Jonathan Lethem is a fascinating author. I’ve previously read two of his novels, Gun with Occasional Music and the Fortress of Solitude, and while I’ve quite enjoyed both of them, they’re rather different. One was a surreal noir set in a world where there were anthropomorphic animals and the other was a very realistic coming of age story. However, despite the realism of Fortress of Solitude Lethem managed to mix in a fascinating amount of weirdness with the inclusion of a ring that gave people superpowers. I don’t think I fully appreciated it at the time, but that odd little twist revealed an ability in Lethem to take a traditional story and add a bit of weirdness into to to set it apart from other tales. And the quality of those two books made me decide to check out more Lethem, which I’ve finally fulfilled, but with his latest work, a Gambler’s Anatomy. I honestly knew next to nothing about this novel when I picked it up, basically just that it was a Lethem novel, had a really intriguing cover, and was about a professional backgammon gambler. Oh man, another backgammon novel? We’re drowning in those! Snark aside, this novel sounded unlike anything I’d read before, and guaranteed to be a weird and fun tale. And while the novel ended up being absolutely nothing like what I anticipated, I still had quite a good time with it, and it ended up becoming something beautiful.
The novel follows Alexander Bruno, a professional gambler that specializes in backgammon. Oh, and he claims that he has telepathy. Anyway, Bruno is wandering Germany, trying to make a living and find marks.

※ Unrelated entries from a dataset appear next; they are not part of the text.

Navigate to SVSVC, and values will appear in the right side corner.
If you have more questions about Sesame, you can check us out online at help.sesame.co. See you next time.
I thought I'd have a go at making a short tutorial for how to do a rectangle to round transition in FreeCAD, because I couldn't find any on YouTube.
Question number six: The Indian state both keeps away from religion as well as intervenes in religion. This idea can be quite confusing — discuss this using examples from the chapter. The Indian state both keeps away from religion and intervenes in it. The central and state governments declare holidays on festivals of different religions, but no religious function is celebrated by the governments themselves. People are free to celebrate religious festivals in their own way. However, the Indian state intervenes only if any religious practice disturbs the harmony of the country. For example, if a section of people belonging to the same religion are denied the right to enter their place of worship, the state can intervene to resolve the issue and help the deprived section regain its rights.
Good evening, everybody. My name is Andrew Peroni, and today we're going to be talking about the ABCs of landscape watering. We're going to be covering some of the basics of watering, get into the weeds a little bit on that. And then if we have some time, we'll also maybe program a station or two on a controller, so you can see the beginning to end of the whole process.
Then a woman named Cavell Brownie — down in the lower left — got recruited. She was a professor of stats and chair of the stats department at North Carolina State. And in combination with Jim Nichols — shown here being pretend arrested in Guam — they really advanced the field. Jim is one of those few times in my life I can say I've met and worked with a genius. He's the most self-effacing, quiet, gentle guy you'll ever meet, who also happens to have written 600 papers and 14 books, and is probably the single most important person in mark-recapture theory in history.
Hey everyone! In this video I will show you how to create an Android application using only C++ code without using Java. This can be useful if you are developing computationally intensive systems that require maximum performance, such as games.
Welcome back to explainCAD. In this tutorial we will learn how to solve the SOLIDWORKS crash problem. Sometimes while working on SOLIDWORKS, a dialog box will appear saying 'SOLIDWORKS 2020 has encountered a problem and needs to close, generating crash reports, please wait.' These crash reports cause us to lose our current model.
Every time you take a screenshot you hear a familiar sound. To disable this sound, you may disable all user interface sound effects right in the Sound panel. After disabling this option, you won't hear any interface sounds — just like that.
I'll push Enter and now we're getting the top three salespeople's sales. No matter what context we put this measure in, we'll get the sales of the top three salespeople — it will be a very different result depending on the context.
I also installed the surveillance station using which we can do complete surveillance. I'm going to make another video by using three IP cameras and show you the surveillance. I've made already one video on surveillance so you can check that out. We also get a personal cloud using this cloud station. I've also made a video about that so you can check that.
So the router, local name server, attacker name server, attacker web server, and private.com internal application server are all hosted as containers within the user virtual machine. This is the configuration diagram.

He’s also dealing with some sort of vision problems. He has a large blot in the middle of his vision, clouding everything in front of him, and he’s also having horrible headaches. While in the middle of a game of backgammon with a German millionaire disaster strikes. Bruno has a violent seizure and is brought to a hospital. It turns out he has a rare kind of tumor directly behind his eyes, which explains the blot, and is threatening to kill him. And, with no other alternatives, Bruno reaches out to an acquaintance from high school that he’s recently run into in Singapore, and asks for help. His acquaintance, Keith Stolarsky, is incredibly wealthy and owns a lot of real estate in Berkeley, California, which happens to be where a neurologist who specializes in these types of tumors lives. So Bruno resorts to the one thing he hates, relying on other people, and goes off to California and the life that he escapes to get healed. He deals with Stolarsky, a complete lout who everyone has to deal with because he’s rich, and gets his procedure, which leaves his face incredibly scarred. Bruno begins wearing a mask and struggling to find a way to live. He begins interacting with the oddball denizens of Berkeley, all of whom hate Stolarsky and the tacky empire that he’s built. However they do like Bruno, the odd and taciturn man who wears a mask and seems to have the same amount of disdain toward Stolarsky that they do. And things become much more difficult when Stolarsky starts to tire of Bruno’s freeloading, and begins playing a game of chess against Bruno, pitting characters against each other and trying to prove that he’s a bigger success than Bruno. Bruno slowly realizes that the only reason Stolarsky saved Bruno’s life was to create a worthy adversary, because he’s gotten so bored basically ruling Berkeley with an iron fist, and Bruno decides to play along and try to fight for the little people and find a new meaning in his life.
Like I said up top, this wasn’t how I thought this novel was going to end. From the beginning I was expecting a tale about a weird, suave gambler who travels around fleecing marks and dealing with some sort of brain tumor. But that quickly got brushed aside to enter the weird world of Berkeley. And it still somehow managed to be better than the goofy globe-trotting gambler story I assumed it was going to be. I have no idea why Lethem introduced that telepathy thing, because it barely came up and wasn’t even really substantiated, but taking that aside the novel was really terrific. We got to see Alexander Bruno, a man so used to being self-reliant and special brought down to his knees and made to beg for a living because of an illness. He has to completely reevaluate his life and his place in the world. Which is such an honest and brutal look at illness. We can be the strongest and most powerful people in the world, but be brought down by some small defect in our brains that we have no control of. It’s all luck.